La sociedad de la información, esa utopía prometida de conocimiento al alcance de todos, ha mutado en un monstruo de mil cabezas. Un Leviatán digital donde la mentira se propaga a la velocidad de un clic, y la verdad, en cambio, se arrastra como un perro cojo.
Antes, bastaba con abrir el periódico o encender el noticiero para al menos vislumbrar un poco de realidad entre las sombras de la actualidad. Ahora, ¿qué tenemos? Un campo de batalla de ‘fake news’, teorías de la conspiración, verdades convenientemente maquilladas y, en palabras del monarca, una ‘intoxicación interesada para que haya caos’.
Tomemos como ejemplo la reciente tragedia en Valencia, esa tromba de agua que desde el 29 de octubre anegó pueblos como Utiel, Requena, Paiporta, Massanassa y Catarroja. Ahí estaban las redes, rebosantes de videos y fotos, de casas hundidas hasta los techos y coches flotando como baratijas en un charco. Reportajes en vivo, dicen, como si aquello fuera un espectáculo, una película de terror en tiempo real para entretener a los morbosos bien sentados en sus sofás.
Y entre cada imagen de horror, se cuelan las mentiras. Los listillos de siempre: el que agarra un video de una inundación en otro país y lo etiqueta 'Inundaciones en Paiporta'; el otro, con una foto vieja del río Turia y la vende como 'actualísima'. Todo se comparte, sin pausa ni vergüenza. Total, 'si está en Internet debe ser cierto', ¿no? ¡El parking de Bonaire, con sus cientos de muertos! Nadie se molesta en confirmar, ni siquiera en dudar. 'Yo lo vi y lo comparto', dicen. ‘Me lo ha mandado el primo de un amigo que es Guardia Civil’. No hablemos ya de análisis políticos, ni de sesgos ideológicos. El nuevo credo de la estupidez colectiva.
La velocidad y el poder de amplificación de las redes sociales han transformado a todos en periodistas improvisados, en fuentes de información sin formación, ética o compromiso con la verdad, y esta democratización de la mentira no es gratuita. Porque mientras unos ven fotos falsas y siguen con sus vidas, para otros, como aquellos afectados de verdad en Alfafar, Benetússer o Picanya, la desinformación es una tragedia añadida a la catástrofe. Es una bofetada en la cara de quienes perdieron su hogar, de quienes temieron por sus vidas, de quienes han perdido a alguien. Para ellos, la confusión de las redes es una segunda riada, tan dañina como insidiosa. Vivimos en una era en la que la verdad parece menos importante que la urgencia de decir algo, de opinar, de compartir.

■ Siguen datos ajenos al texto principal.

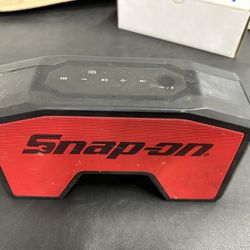 Snap On Bluetooth Speaker 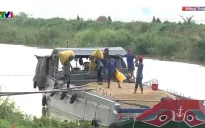 Cảnh báo lũ đầu nguồn bắt đầu lên vào cuối tháng 7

¿Es posible frenar esta decadencia de la información? Aquí todos tienen ya su foto: agitadores, oportunistas, voluntarios y autoridades, y han quedado retratados, pero mientras nos aferremos al derecho de opinar sobre todo sin saber de nada, el daño continuará. Al fin y al cabo, ¿quién quiere la verdad cuando la mentira es tan rentable? La mentira se ha hecho cultura, una cultura que apesta a charlatanería y superficialidad, donde todo el mundo tiene voz y nadie tiene responsabilidad. En este paisaje inundado de desinformación, lo único claro es que la sociedad de la información ha muerto, ahogada en su propia mentira.